On Thursday, 60 delegates with the Federation autonome de l’enseignement — known as the FAE — rejected the government’s new offer and set a date to launch an unlimited general strike: Nov. 23. Union leadership said the government has about three weeks to settle with them and avoid paralyzing part of the school system.
“The choice of this date still leaves 20 days for negotiations to reach an agreement,” the FAE said. “If the Legault government is faithful to its public declarations that it wishes to settle the negotiations before the holiday season, now is the time to prove it.”
The FAE includes nine unions representing teachers working in several francophone Quebec school boards, including in Montreal, Laval and Quebec City. They called the offer tabled Sunday by Treasury Board president Sonia LeBel “clearly insufficient.”
Quebec’s latest offer includes a 10.3-per-cent salary increase over five years and a one-time payment of $1,000 to each worker. The offer also includes more money for workers and shifts the government says are priorities, such as nurses working nights and weekends and teachers’ aides in primary schools. Workers who earn less than $52,000 a year would also receive an additional one per cent increase.
LeBel said that when all those elements are factored in — along with the non-recurring $1,000 payment — the government’s offer comes closer to 14.8 per cent over five years.
The offer applies to the FAE and to hundreds of thousands of other public sector workers, whose unions are negotiating at the same time with the province.
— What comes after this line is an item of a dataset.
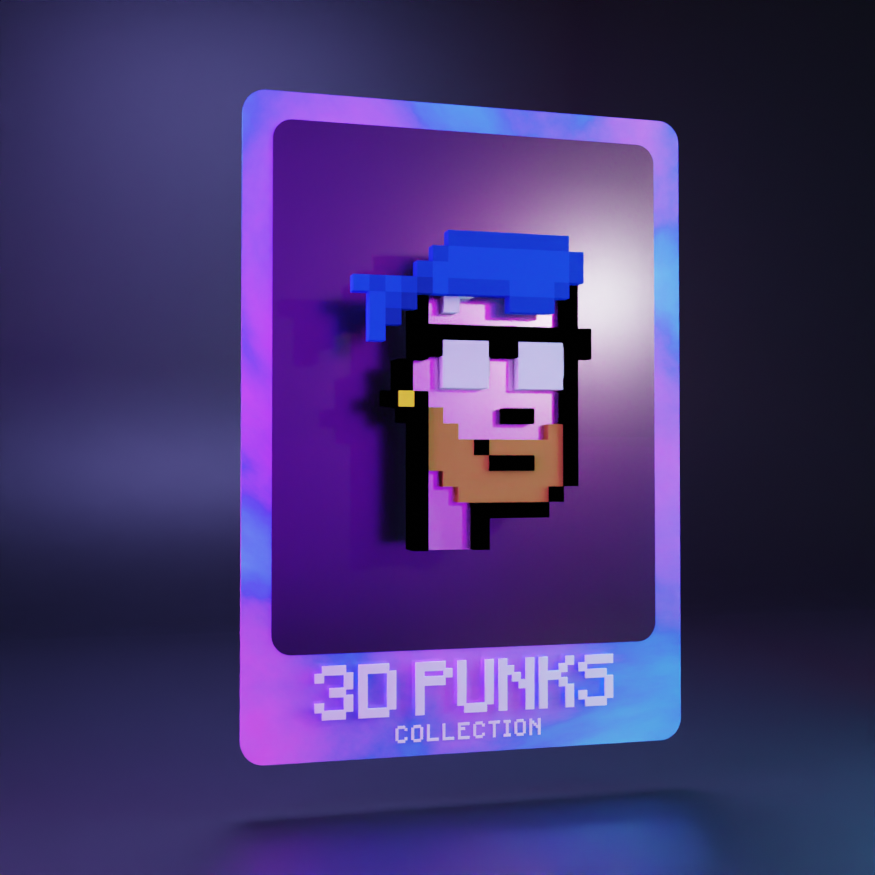 3D Punk #5632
But the unions say the government’s proposal doesn’t cover inflation. They have countered with a demand for a three-year contract with annual increases tied to the inflation rate: two percentage points above inflation in the first year or $100 per week, whichever is more beneficial, followed by three points higher in the second and four points higher in the third year.
Meanwhile, a group of unions calling itself the “common front” has opted for a series of single-day strikes, the first of which will start Nov. 6 and involve workers in the education, health and social service sectors.
The four common front unions account for 420,000 public sector employees, including some teachers and school support staff, junior college staff and health and social services workers, although the latter are subject to essential services rules.
As well, the Federation interprofessionnelle de la sante (FIQ), which represents 80,000 nurses, auxiliary nurses, respiratory therapists and clinical perfusionists, will be holding a two-day strike on Nov. 8 and 9.